Evidently the intersection of families of monoidal subcategories is a monoidal subcategory. Therefore, given a functor $F\colon Y\to X$ there is a smallest monoidal subcategory $MF(Y)$ containing the image of $F(Y)$. In particular, $F\colon Y\to X$ factors as $Y\to MF(Y)\hookrightarrow X$. Moreover, $MF(Y)\hookrightarrow X$ is a monoidal functor, i.e. a functor in the category of small monoidal categories.
I now claim the morphisms in this subcategory are exactly the composites of morphisms of the form $F(f_1)\otimes F(f_2)\otimes...\otimes F(f_n)$ (wih various parenthesizations) for $f_i$ morphisms in $X$, and appropriate unitors and associators.
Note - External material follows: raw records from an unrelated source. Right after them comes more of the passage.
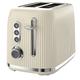 Breville Bold Vanilla Cream 2-Slice Toaster with High-Lift and Wide Slots | Cream and Silver Chrome [VTR003]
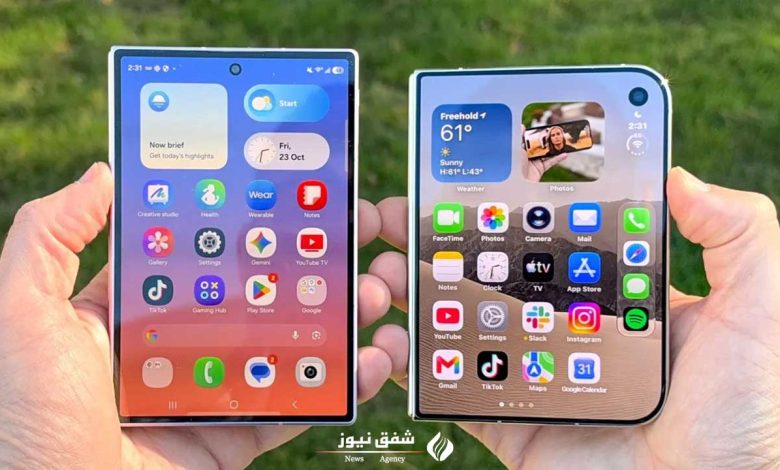 آیفون Duo در مقابل سامسونگ گلکسی Z Fold 8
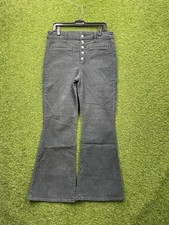 American Eagle Corduroy Pants Womens 12 Regular Super High Rise Flare Button Fly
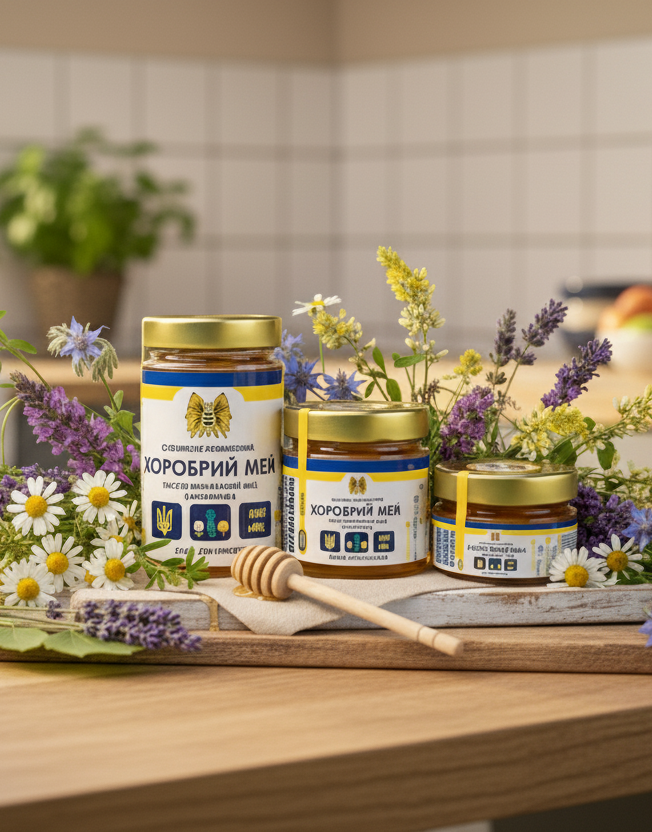 Raw Honey from Various Herbs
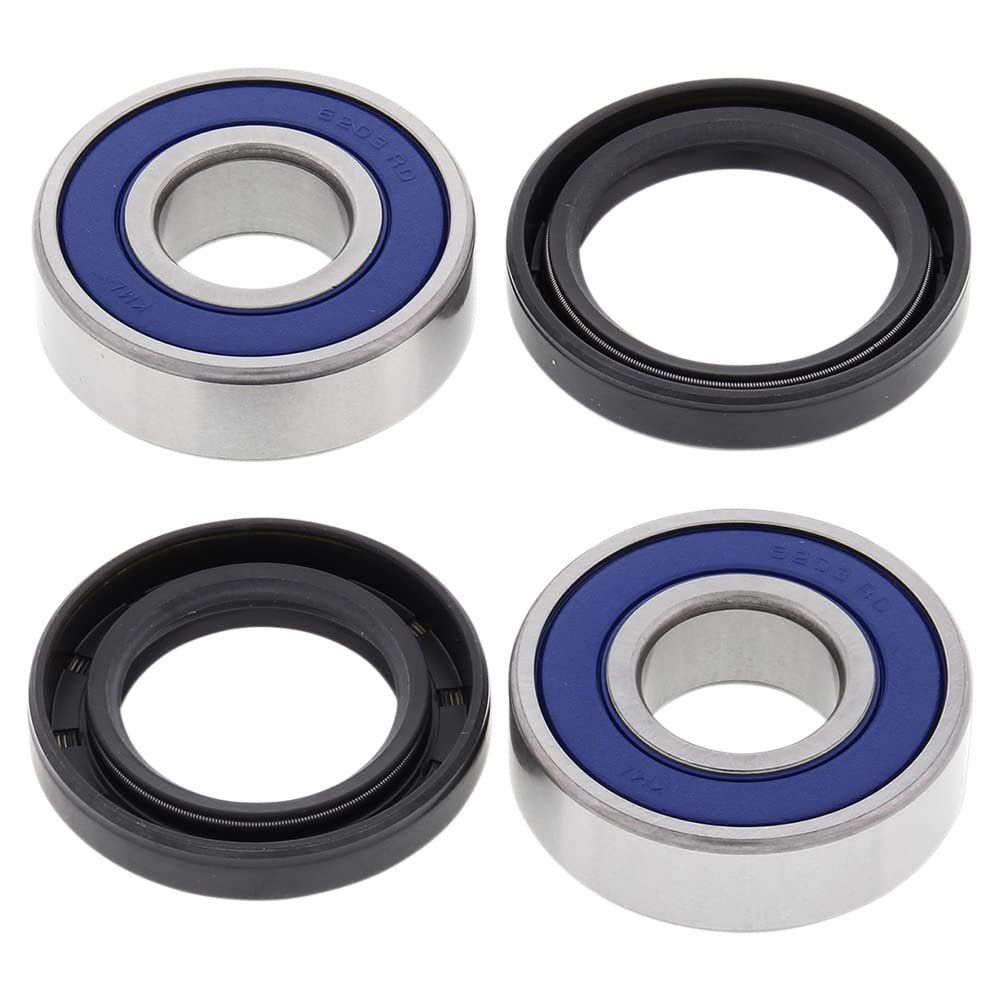 Front Street Wheel Bearing & Seal Kit Compatible with Kawasaki KZ1000, KZ1000Z1R 1978-1979 Street Bike/Motorcycle Part# 22-51221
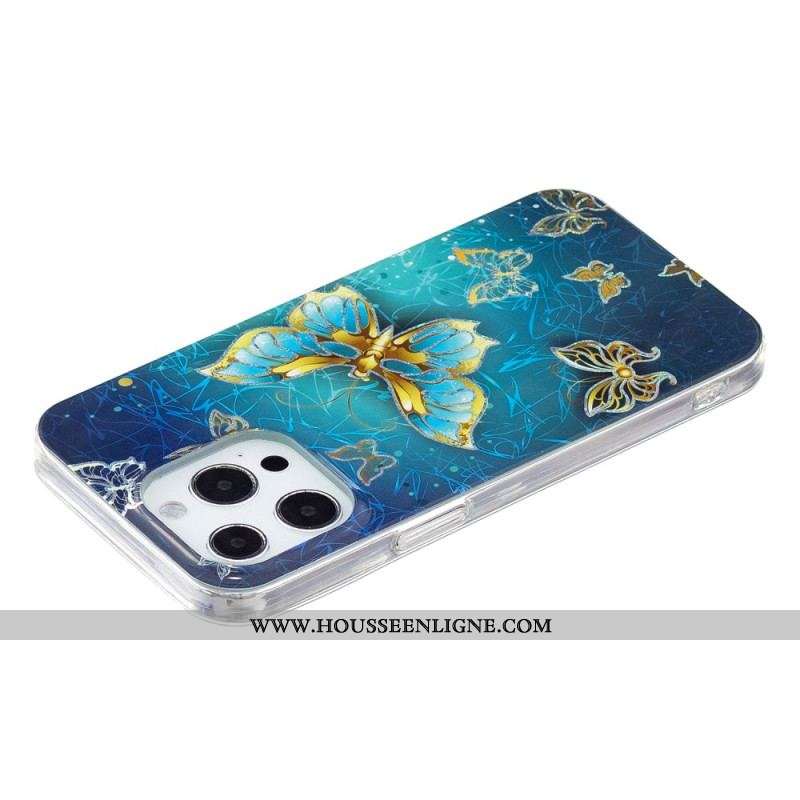 Coque iPhone 15 Pro Max Papillons Précieux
It follows that $MF(Y)$ has cardinality bounded by $\kappa_Y$, where $\kappa_Y$ is the smallest infinite cardinal bounding the cardinality of $Y$.
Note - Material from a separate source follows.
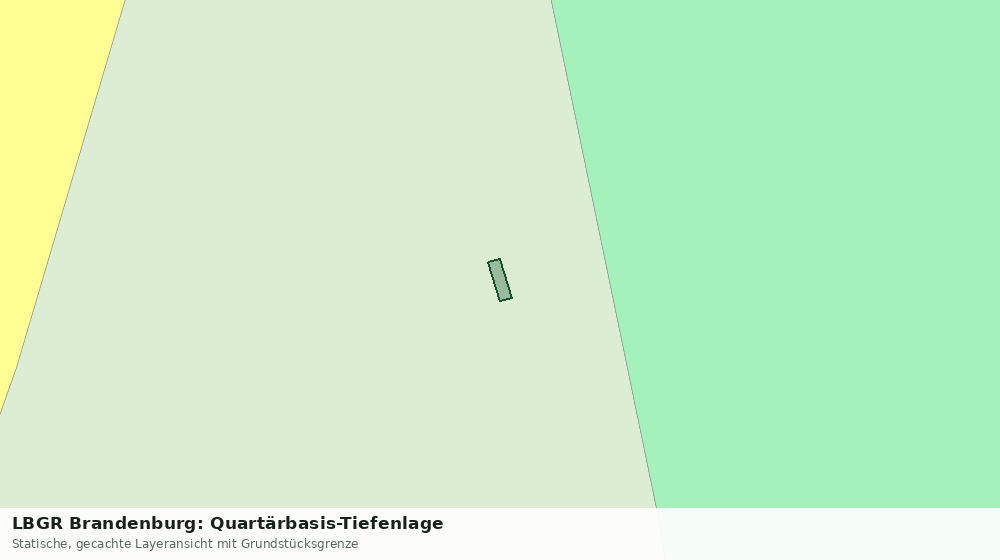 Statische Kartenansicht: LBGR Brandenburg: Quartärbasis-Tiefenlage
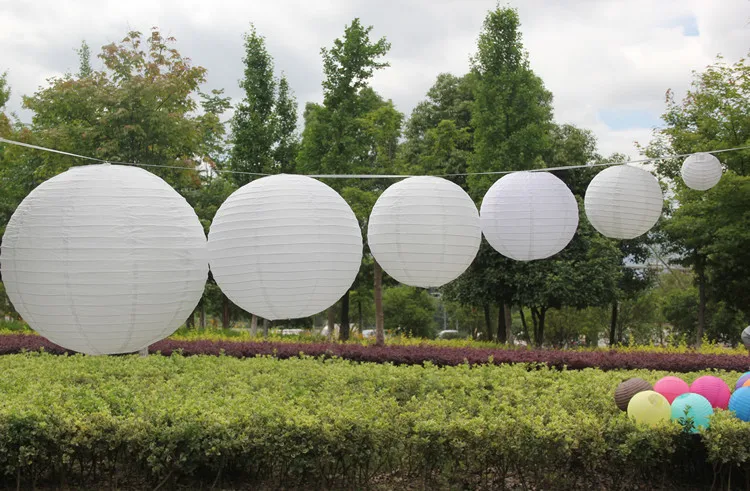 Праздничные принадлежности 6 8 10 12 14 16 дюймов белые китайские бумажные фонари для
If $\lambda$ is its cardinal, then the isomorphism $\lambda\cong UM(Y)$ of $\lambda$ with the set of morphisms of $MF(Y)$ induces a monoidal category structure on $\lambda$ so that the resulting monoidal category is isomorphic to $MF(Y)$.
Thus the functor $F\colon Y\to X$ factors as $Y\to M\to X$ where $M\to X$ is a monoidal functor, and $UM$ is a cardinal bounded by $\kappa_Y$. Since the set of cardinals bounded by $\kappa_Y$ is a set, and since each set has a set of monoidal structures, and since between any two categories there is a set of functors between them, it follows that for every category $Y$ there is only a set of functors $Y\to M$ where $M$ is a monoidal category with $UM$ a cardinal bounded by $\kappa_Y$.
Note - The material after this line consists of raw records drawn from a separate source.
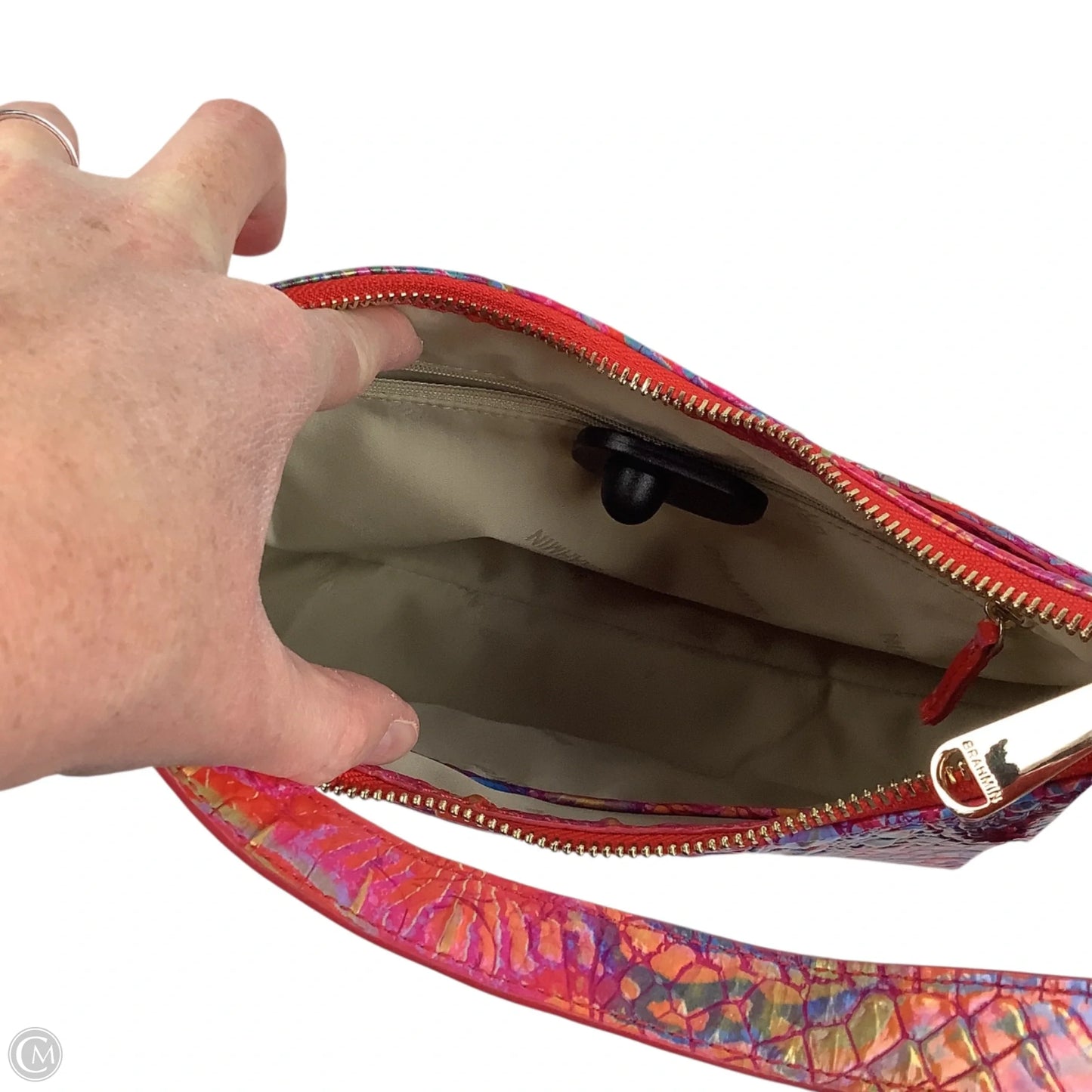 Handbag Designer By Brahmin, Size: Medium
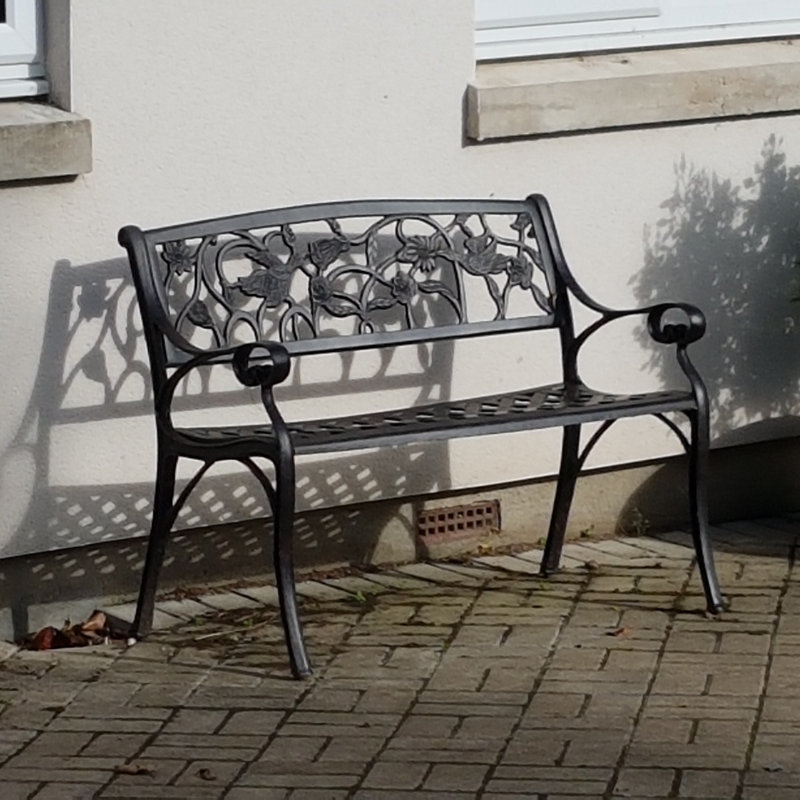 Greta Powder Coated Aluminum Outdoor Bench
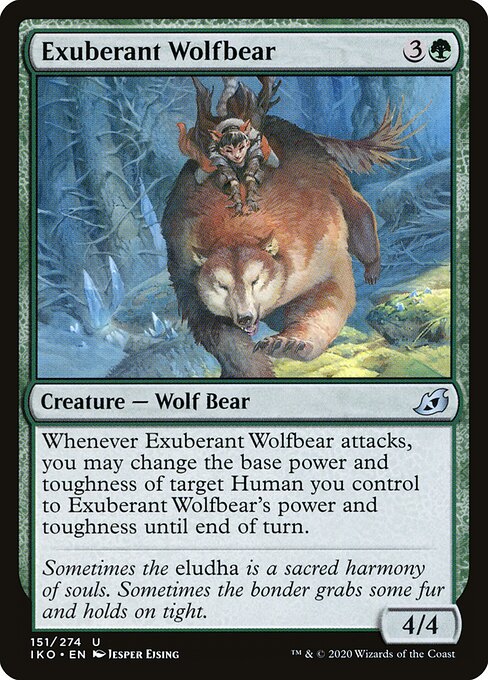 Ikoria: Lair of Behemoths - 151 - Exuberant Wolfbear - Uncommon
By the previous discussion, this is a solution set for the forgetful functor from small monoidal categories to small categories: any functor $F\colon Y\to X$ factors as $Y\to M\to X$ where $M\to X$ is a monoidal functor with $UM$ a cardinal bounded by $\kappa_Y$.
Best Answer
Limits of (commutative) monoids can simply by constructed with pointwise operations from the underlying limits of sets. This shows immediately that $\mathbf{CMon}$ is complete and that $U$ is continuous. To show the solution set condition, let $M$ be a commutative monoid and let $f : S \to U(M)$ be a map. Consider the submonoid $M'$ of $M$ generated by the image of $f$. Explicitly, $M'$ consists of all $\mathbb{N}$-linear combinations of elements of the form $f(s)$, where $s \in S$. The next step is to bound the size of the underlying set of $M'$. This is usually done with cardinal numbers, but actually one does not need cardinal numbers at all for this argument. Notice that there is a surjective map*
$\coprod_{n \in \mathbb{N}} (\mathbb{N} \times S)^n \to U(M').$
which maps $((m_1,s_1)),\dotsc,(m_n,s_n))$ to $m_1 f(s_1) + \cdots + m_n f(s_n)$. It follows that $U(M')$ is isomorphic to a subset of the set $T := \coprod_{n \in \mathbb{N}} (\mathbb{N} \times S)^n$ (which only depends on $S$). By structure transport, it follows that $M'$ is isomorphic to a monoid whose underlying set is a subset of $T$. But there is only a set of such monoids. Therefore, a solution set consists of those monoids whose underlying set is a subset of $T$.
By the way, a similar argument shows that for every finitary algebraic category $\mathcal{C}$ the forgetful functor $\mathcal{C} \to \mathbf{Set}$ has a left adjoint. In fact, it is even monadic.
For commutative monoids, though, the simplest way is just a direction construction: the underlying set of the free commutative monoid on $S$ is the set of functions $S \to \mathbb{N}$ with finite support (these formalize linear combinations with $\mathbb{N}$-coefficients in $S$), and the operation comes from $\mathbb{N}$. For monoids and groups (or lie algebras etc.), direct constructions are not so straight forward anymore and the above method gives a really slick existence proof.
*Alternatively, you can use a surjective map $\coprod_{n \in \mathbb{N}} S^n \to U(M')$.